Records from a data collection
============================================================

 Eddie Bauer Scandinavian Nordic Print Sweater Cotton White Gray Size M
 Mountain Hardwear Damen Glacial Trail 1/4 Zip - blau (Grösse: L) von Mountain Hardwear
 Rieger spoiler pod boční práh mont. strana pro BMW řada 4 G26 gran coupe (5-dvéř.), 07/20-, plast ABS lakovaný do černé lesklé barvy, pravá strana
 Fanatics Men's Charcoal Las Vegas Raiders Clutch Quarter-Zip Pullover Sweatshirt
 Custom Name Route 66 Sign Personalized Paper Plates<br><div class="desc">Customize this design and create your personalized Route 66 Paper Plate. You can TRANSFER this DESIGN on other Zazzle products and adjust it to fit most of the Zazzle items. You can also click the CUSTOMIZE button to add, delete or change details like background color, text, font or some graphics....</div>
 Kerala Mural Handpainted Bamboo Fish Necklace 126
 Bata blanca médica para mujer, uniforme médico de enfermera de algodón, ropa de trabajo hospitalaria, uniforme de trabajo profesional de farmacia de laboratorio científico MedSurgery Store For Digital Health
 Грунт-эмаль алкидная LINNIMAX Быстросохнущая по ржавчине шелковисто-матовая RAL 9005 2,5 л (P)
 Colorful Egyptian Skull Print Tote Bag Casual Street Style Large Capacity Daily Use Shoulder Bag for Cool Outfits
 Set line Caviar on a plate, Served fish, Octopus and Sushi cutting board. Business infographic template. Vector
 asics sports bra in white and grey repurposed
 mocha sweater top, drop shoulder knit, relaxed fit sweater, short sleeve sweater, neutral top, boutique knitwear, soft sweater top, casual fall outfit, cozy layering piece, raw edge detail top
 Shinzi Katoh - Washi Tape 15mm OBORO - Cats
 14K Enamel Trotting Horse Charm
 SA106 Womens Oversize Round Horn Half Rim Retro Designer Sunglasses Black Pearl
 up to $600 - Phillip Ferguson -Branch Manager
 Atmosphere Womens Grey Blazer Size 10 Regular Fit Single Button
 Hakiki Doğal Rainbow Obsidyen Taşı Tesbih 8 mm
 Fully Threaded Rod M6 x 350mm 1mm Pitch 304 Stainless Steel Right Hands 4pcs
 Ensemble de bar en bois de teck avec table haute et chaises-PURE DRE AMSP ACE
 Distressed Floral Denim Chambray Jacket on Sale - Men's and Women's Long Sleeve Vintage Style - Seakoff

============================================================

#### [Exercise description]
Lines containing the word "Womens" are to be located in the entries and copied.

#### [Your solution]
 SA106 Womens Oversize Round Horn Half Rim Retro Designer Sunglasses Black Pearl
 Atmosphere Womens Grey Blazer Size 10 Regular Fit Single Button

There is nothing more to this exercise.